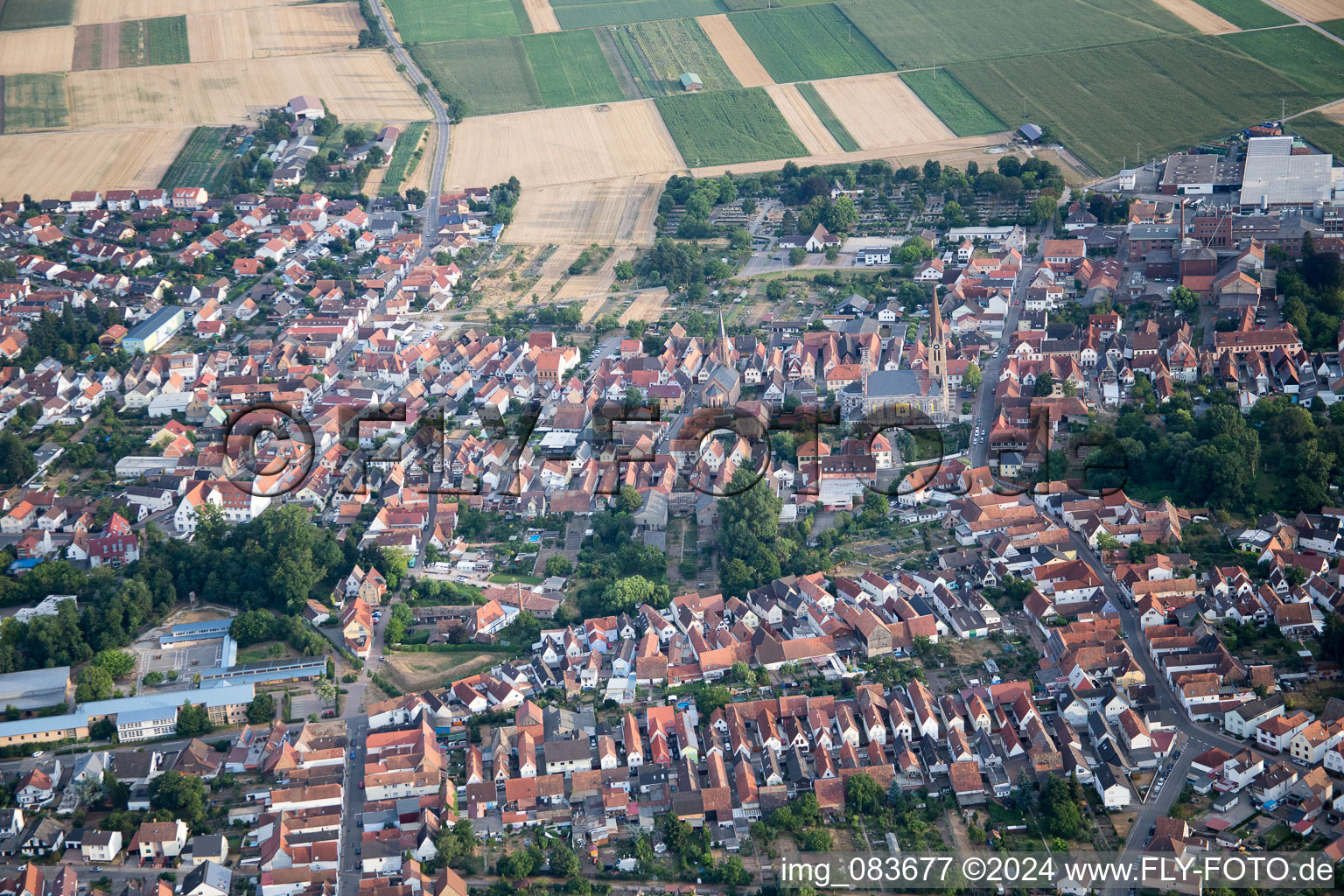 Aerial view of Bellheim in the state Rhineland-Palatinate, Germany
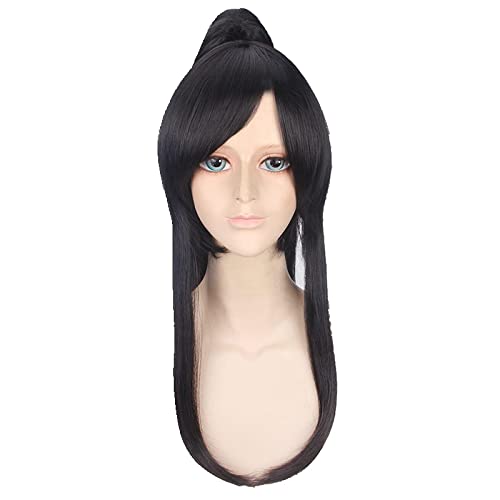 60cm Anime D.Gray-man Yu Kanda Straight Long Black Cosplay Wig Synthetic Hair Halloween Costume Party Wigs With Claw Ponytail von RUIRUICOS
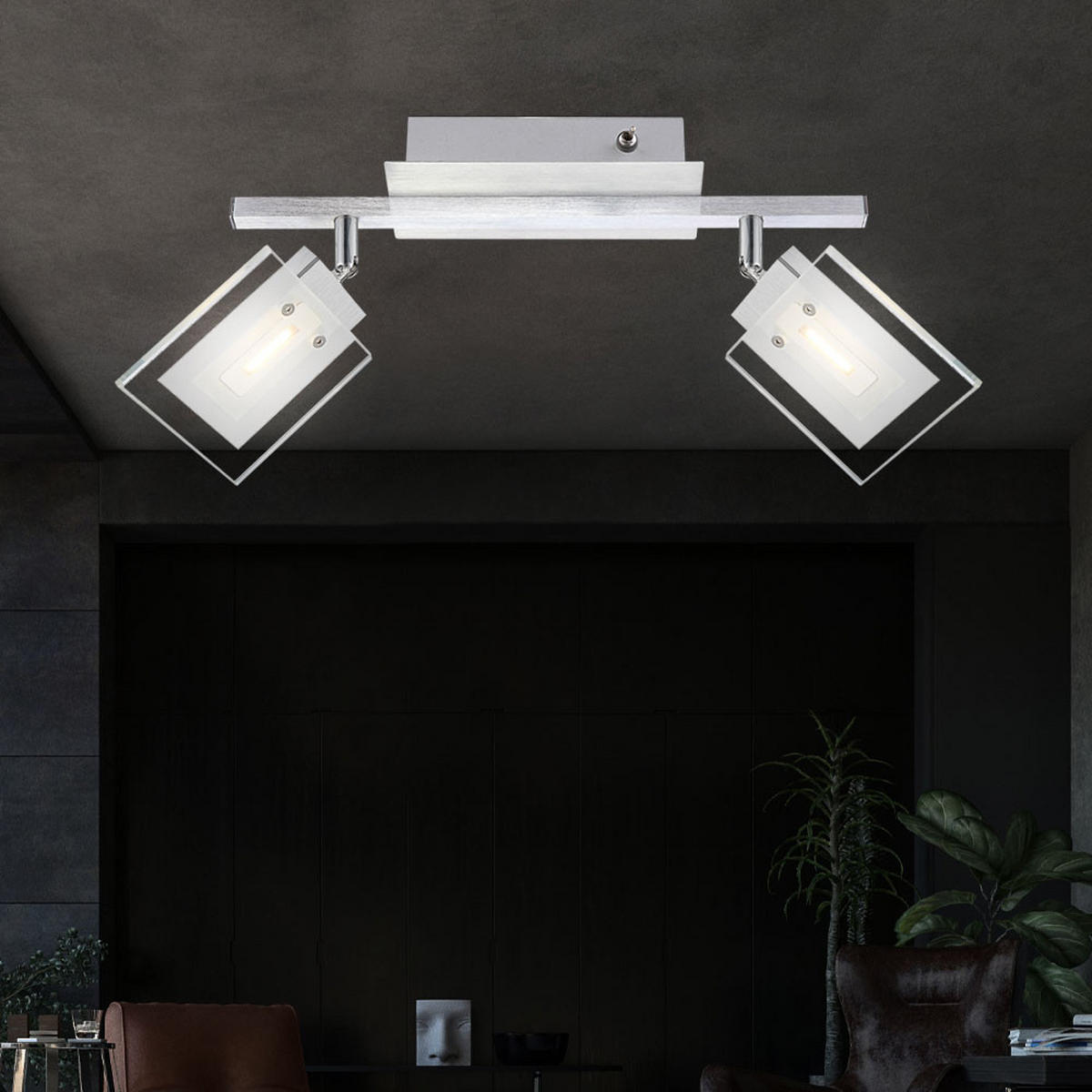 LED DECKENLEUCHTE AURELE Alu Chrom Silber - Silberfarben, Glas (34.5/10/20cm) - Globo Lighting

YOUR TASK: Give the data again exactly, without pictures.

EXPECTED OUTPUT:
 Aerial view of Bellheim in the state Rhineland-Palatinate, Germany
 60cm Anime D.Gray-man Yu Kanda Straight Long Black Cosplay Wig Synthetic Hair Halloween Costume Party Wigs With Claw Ponytail von RUIRUICOS
 LED DECKENLEUCHTE AURELE Alu Chrom Silber - Silberfarben, Glas (34.5/10/20cm) - Globo Lighting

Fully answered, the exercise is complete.